This is a story about a relationship with a place I just left last week. Rock Hill, SC is about an hour south of Charlotte. It is rural. It is suburban. It is conservative. Yes, you can see the occasional rebel flag there as well as trailer parks, cars on blocks, and various other stereotypes. My husband and I only moved there because I had planned to pursue a PhD in rhetoric at The University of South Carolina in Columbia. The place was a compromise between Columbia and Charlotte. Ben worked at Wachovia at the time. We’d both drive about an hour. But we didn’t think it through.
When we moved there, we gave up all the pleasurable symptoms of living in a growing city. Restaurants. Proximity to cultural events. Parks. More than one Starbucks. What Rock Hill had to offer was invisible to us for the first few years we were there; we were so focused on what we had lost. We spent most of our time driving back to Charlotte to go to dinner, to movies, to meet friends for lunch. No one but my in-laws would make the trek all the way out to the small town to visit. We had a lovely home with more square footage than we felt we deserved, and no one to share it with. Three weeks into my PhD program, I quit. The house and the town became prisons. We became depressed. We stayed inside.
Ben took a job with HP which would allow him to work at home. Working at home is a blessing and a curse. We spent more time in that house.
A year after we moved in, Ben’s mom was diagnosed with breast cancer. I drove an hour north to teach at UNC-Charlotte. We stopped talking to most of our friends in Charlotte. We stopped talking to each other. I blamed myself for moving there. We were terrified.

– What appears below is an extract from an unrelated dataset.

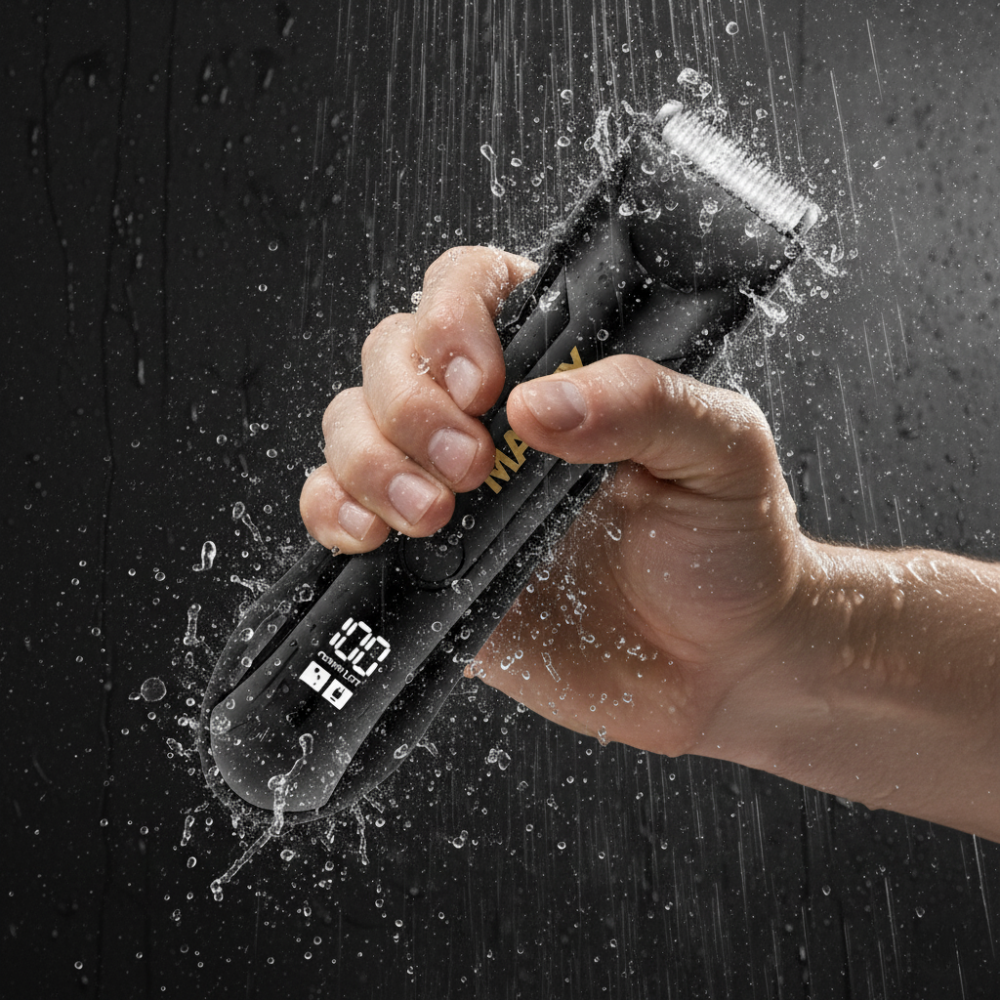 Smooth Operator™ Waterproof balls & body trimmer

Then, in summer of 2010, we got a border collie named Desmond. Border collies are energetic and this one was traumatized from the neglect of his previous owners. He was heart-worm positive. He was ten pounds too thin. We began to nurse him back to health and in that process we started our long walks, just dog mom and Desi. I taught him to walk on a leash without pulling; he just wanted to please and have a job, being the herding type. We developed a routine. I would rise early and walk him before the heat of the day took hold. By 10am in the summer, you can barely breathe from the wet heat in South Carolina.
We walked to the front of the neighborhood to a field –a former farm, what kind I’m not sure. There’s an old water pump at the entrance to the field, ten foot blackberry bushes at the rear, and peach and persimmon trees. Come July, we’d take grocery bags for fruit. I kept pits to plant. We would walk in unison without thought falling into a rhythm of dog and human breath and sweat. He would mark all the trees. We would rest beneath a relatively young Sugar Maple with moss growing at its base. I watched him scan the landscape, notice birds and grasshoppers, and found a sense of peace in the daily changes in grasses –the dew soaked spider webs spread like pox across a body, the dandelions when they bloomed and coated the field in their butter yellow haze. I learned that field’s nuances. I saw dead birds and deer tracks, caught a glimpse of a fox one morning and wondered if he were the Fantastic Mr. Dahl wrote of. I got annoyed when the mowers came and clipped everything even though it meant I was less likely to get ticks and I’d have less “nature” to pick out of Desmond’s fur. We walked for several miles a day. When we returned home, we were breathless and ripe. He slopped up water and lay down with all fours stretched out next to me as I did yoga stretches. My downward dog drew nose kisses. It was on those walks that I learned to appreciate the subtle quiet of Rock Hill and a sense of ease grew anew in our household.